■ Supplied records ■
★ ★ ★ ★ ★

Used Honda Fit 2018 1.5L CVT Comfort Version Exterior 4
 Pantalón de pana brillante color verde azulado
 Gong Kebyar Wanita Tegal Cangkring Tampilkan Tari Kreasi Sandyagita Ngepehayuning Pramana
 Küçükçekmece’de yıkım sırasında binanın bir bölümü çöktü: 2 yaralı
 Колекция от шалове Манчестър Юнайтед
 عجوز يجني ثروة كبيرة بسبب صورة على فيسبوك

★ ★ ★ ★ ★

■ How to complete this task ■
Every word of the data above should be given again, exactly as it stands.

■ Response to this task ■
Used Honda Fit 2018 1.5L CVT Comfort Version Exterior 4
 Pantalón de pana brillante color verde azulado
 Gong Kebyar Wanita Tegal Cangkring Tampilkan Tari Kreasi Sandyagita Ngepehayuning Pramana
 Küçükçekmece’de yıkım sırasında binanın bir bölümü çöktü: 2 yaralı
 Колекция от шалове Манчестър Юнайтед
 عجوز يجني ثروة كبيرة بسبب صورة على فيسبوك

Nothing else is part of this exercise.